I will hurt you more than you hurt me. Death will be a long time coming.
On the frontier planet of Threshold a hard won truce exists between the native inhabitants and the human settlers. When a murder puts this truce in jeopardy, Marshal Jacob Klein must try to see justice done, whatever the cost.
But Klein has his own problems - an addiction to a fatal narcotic, a disenfranchised son, and a dark secret he has been hiding for over two decades.
For there is a greater threat to Threshold than just a petty civil war. An ancient presence has invaded the planet for its own purposes and Jacob Klein is in no shape to stop it.
Gary Tinnams has worked as a barman, a call centre operator, an IT support analyst, and a software tester. But during all this time he was also an insatiable reader of science fiction and fantasy books like Susan Cooper's The Dark Is Rising Sequence, Orson Scott Card's Ender's Game, Robert Charles Wilson's Blind Lake and Greg Egan's Permutation City. He is very fond of weird, mind-bending stories and decided quite early on to try writing some. In 2006 and 2007, he was in the top 50 shortlist for SFX magazine's Pulp Idol and continues to write to this day.
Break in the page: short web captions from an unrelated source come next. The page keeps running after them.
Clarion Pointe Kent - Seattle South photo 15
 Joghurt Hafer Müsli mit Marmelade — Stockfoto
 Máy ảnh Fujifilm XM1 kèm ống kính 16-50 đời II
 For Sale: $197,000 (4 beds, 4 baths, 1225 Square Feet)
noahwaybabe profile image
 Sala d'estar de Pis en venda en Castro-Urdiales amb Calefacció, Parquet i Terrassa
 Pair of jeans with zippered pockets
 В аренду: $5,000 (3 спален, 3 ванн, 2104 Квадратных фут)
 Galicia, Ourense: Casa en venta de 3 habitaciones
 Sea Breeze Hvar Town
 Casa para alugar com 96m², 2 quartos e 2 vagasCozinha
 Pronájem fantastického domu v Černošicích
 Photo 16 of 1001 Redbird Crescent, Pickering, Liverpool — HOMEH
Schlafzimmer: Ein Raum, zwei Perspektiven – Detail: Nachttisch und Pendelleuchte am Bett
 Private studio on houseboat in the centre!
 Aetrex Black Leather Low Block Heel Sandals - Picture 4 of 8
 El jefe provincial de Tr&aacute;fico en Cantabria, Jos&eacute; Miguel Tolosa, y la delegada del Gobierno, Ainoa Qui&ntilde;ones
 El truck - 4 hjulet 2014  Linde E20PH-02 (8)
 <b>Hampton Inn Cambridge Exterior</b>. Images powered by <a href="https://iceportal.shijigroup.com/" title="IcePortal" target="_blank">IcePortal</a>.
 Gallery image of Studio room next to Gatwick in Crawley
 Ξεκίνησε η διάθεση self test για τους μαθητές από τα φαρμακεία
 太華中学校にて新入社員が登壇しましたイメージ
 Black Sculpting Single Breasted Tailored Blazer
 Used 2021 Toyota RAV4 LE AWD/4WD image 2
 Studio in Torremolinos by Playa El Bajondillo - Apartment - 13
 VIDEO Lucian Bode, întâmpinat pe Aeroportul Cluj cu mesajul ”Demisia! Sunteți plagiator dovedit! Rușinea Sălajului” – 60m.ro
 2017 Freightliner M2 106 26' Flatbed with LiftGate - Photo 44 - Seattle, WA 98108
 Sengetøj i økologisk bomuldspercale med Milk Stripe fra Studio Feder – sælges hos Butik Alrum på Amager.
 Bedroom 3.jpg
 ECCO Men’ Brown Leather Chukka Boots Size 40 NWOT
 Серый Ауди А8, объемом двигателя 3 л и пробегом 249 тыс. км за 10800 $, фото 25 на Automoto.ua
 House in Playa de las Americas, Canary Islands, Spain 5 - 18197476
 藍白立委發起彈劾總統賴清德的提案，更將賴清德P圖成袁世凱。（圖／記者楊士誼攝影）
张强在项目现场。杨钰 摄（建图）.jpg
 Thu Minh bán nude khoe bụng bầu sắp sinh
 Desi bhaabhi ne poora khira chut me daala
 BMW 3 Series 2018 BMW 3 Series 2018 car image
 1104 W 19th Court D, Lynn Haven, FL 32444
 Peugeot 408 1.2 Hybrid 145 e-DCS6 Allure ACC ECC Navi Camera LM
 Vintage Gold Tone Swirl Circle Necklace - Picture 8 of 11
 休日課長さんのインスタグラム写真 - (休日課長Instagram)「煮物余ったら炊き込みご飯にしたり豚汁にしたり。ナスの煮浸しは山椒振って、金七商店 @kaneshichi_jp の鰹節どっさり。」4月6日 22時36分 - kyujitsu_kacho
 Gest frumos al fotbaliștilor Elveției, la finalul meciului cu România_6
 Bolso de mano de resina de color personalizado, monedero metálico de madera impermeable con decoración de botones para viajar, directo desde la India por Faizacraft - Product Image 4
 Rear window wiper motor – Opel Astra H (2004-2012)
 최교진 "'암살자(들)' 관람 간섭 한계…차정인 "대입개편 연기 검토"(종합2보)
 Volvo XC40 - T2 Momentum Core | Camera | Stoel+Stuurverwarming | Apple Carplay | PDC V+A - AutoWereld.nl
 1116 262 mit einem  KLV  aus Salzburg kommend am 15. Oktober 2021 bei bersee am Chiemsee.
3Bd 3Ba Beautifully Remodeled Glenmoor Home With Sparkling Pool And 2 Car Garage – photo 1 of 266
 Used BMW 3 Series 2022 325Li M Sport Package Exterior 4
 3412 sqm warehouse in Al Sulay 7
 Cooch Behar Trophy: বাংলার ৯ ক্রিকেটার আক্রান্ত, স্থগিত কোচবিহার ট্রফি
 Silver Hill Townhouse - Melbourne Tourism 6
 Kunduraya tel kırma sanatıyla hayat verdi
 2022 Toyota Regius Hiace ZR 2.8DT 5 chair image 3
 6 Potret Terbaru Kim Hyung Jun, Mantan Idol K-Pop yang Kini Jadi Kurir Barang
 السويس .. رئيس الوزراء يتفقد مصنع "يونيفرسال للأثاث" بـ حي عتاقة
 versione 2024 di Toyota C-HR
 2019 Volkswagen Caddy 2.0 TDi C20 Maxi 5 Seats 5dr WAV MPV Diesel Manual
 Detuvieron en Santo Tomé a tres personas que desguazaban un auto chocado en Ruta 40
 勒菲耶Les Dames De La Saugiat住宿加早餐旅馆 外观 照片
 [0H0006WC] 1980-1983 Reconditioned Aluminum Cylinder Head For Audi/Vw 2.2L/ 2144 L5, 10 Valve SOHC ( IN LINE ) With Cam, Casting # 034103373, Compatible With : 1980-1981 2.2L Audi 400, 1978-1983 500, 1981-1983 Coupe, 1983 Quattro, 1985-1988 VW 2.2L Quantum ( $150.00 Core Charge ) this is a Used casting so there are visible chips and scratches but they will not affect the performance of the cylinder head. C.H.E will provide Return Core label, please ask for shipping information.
Threshold Shift begins with an engaging and exciting prologue; a young boy narrowly escaping death after his home is destroyed and his mother killed. The opening also serves to introduce “Wun” at this point merely a mysterious voice in the young Jon’s mind but a character that will be of central importance later on, although in ways we could not possibly imagine.
The novel resumes a decade later and is initially a western, a parochial tale with a hint of High Noon with an ageing marshal of a dust ball backwater town Argon, disgraced and humiliated. The initial nemesis character Hassan remarks of Marshal Jacob, “I’m surprised you’ve lasted as long as you have.” Yet there is also steel in the lawman’s soul and an integrity which allows him, with the help of his son Jon, to redeem himself.
Despite the strong western element the author avoids writing a simple morality tale of good versus bad. In fact it is the humans who are the interlopers here, colonising and dominating the native Threshian inhabitants. One rages that humans “enslave and steal from us,” whilst Michael, a messiah type figure in brown monkish robes asks, “will you bring them to justice as well?”
The western element is so strong initially that I wondered if the tale actually needed to be a science fiction at all. That question however was soon answered with a resounding yes. As the story progresses the literary canvas widens to incorporate a thousand year back-story, superhuman abilities, multiple identities and a deeply unsettling existential angst.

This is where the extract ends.